IN THE TASMANIAN INDUSTRIAL COMMISSION

Industrial Relations Act 1984

 

T.2382 of 1990 IN THE MATTER OF AN APPLICATION BY THE AMALGAMATED METAL WORKERS UNION FOR INTERPRETATION OF THE MINING (LEAD-ZINC) AWARD
   
  RE: CONTRACT OF EMPLOYMENT AND PAYMENT FOR SHIFT
   
PRESIDENT F. D. WESTWOOD 10 JULY 1990

 

INTERPRETATION

APPEARANCES:

For the Amalgamated Metal
Workers Union
- Mr. D. Harding
   
For the Australian Workers' Union
Tasmania Branch
- Mr. C. Hayes
   
For Pasminco Mining, Rosebery

- Mr. R. Evetts

 

DATE AND PLACE OF HEARING:

 

8.6.90

Hobart

 

 

This is an application by the Amalgamated Metal Workers' Union (AMWU) in accordance with Section 43 of the Industrial Relations Act 1984 for an interpretation of Clause 13(c) - Contract of Employment - and Clause 32(a) - Payment for Shift - of the Mining (Lead-Zinc) Award1.

In this case, on 6 March 1990 the underground day shift workers were stood down for four hours after spending the first four hours of their eight-hour shift waiting for a motor, in the cage used to transport employees underground, to be repaired. The motor was repaired some considerable time later.
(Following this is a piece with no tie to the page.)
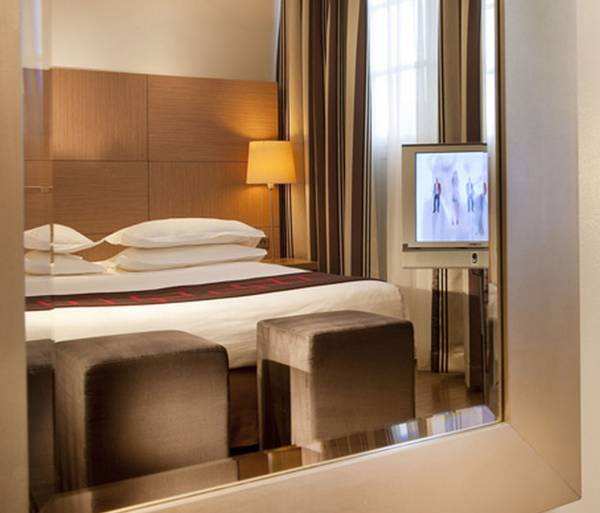 Athena 3* Франция, Париж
The company paid the employees for the first four hours and gave them the option, in respect of the "stand down" period, of either four hours' unpaid leave or eight hours annual leave.

Mr. Harding claimed that Clause 13(c) permits the employer to deduct payment for any day, not for any part of a day, in the event that employees cannot be usefully employed through any breakdown in machinery.

The subclause reads as follows:

"(c)  Subclause (a) above shall not affect the right of the employer to dismiss any employee without notice for misconduct and in such cases the wages shall be paid up to the time of dismissal only; or to deduct payment for any day the employee cannot be usefully employed because of any strike or through any breakdown in machinery or any stoppage of work by any cause for which the employer cannot reasonably be held responsible.

The right of the Company to deduct payment for any day an employee cannot be usefully employed because of a strike or by any stoppage of work by any cause for which the employer cannot reasonably be held responsible is subject to the following conditions:

(i)  The Company shall notify the employee verbally or in writing or by public notice of the proposed stand down. During the period such notification remains in force, the employee shall be deemed to be stood down until he is advised to resume work, which may be done verbally or in writing, or by public notice.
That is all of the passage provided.